RELATED ARTICLE BIS releases ‘game-changing’ blueprint for global financial system – a news article (20 June 2023) on the special chapter of BIS’s 2023 annual economic report that detailed the ‘unified ledger’

Three main selection criteria

The newly published 14-page application pack states that private-sector participants need to be regulated financial institutions including (but not limited to) commercial banks, financial market infrastructures (FMIs) and ‘critical payment services providers of significance to the cross-border payments ecosystem’.

A ‘Project Agorá Committee’,co-chaired by the BIS and the IIF, will include a senior representative from each public and private sector member ‘with the necessary expertise and ability to authorise appropriate resources from within their respective institutions’.

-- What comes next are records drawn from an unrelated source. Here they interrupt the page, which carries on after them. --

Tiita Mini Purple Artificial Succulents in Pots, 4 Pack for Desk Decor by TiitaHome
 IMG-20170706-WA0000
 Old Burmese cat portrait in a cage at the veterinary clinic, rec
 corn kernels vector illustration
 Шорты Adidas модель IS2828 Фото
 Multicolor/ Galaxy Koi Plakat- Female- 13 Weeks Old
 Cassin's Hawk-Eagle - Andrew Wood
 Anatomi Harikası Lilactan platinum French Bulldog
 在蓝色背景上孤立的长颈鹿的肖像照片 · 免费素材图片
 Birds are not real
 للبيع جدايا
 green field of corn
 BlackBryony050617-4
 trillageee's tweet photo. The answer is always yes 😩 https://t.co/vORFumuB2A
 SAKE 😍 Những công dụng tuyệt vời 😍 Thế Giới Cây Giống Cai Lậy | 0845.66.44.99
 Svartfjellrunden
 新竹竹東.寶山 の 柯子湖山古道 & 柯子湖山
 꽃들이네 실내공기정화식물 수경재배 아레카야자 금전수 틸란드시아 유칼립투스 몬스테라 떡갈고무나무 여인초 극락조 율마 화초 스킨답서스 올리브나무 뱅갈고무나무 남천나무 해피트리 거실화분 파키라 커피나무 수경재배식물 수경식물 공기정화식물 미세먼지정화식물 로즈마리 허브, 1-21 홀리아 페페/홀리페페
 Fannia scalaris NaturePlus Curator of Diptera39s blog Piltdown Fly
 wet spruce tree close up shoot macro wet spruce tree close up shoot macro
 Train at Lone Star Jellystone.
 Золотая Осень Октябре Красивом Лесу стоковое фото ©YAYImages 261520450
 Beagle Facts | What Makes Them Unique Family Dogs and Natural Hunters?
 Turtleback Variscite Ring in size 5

The IIF will select the private-sector participants, ‘in mutual agreement’ with the BIS, based on three main factors: the applicant’s ‘importance and involvement’ in terms of cross-border payments (both from the perspective of its domestic jurisdiction and globally); the applicant’s ‘expertise with innovation projects in general and familiarity with experimentations focused on tokenisation and distributed-ledger technologies [DLT] in particular’; and ‘the expertise and experience of the people the applicant proposes as its representatives to the Project Agorá Committee and workstreams on business requirements, technology, legal and communications.’

The BIS and IIF will also, ‘to the degree possible, seek to ensure diversity of the private sector participants in terms of business models, institution size, relevant expertise, and geography.’ Being a member of the IIF, which has about 400 members from more than 60 countries, is not a requirement to participate. The pack states that ‘there will be no differential treatment for IIF members who apply’.  

A sample question for applicants is to explain their institution’s motivation to participate and ‘what specific contributions you will aim to bring to the project’ in a maximum of 300 words.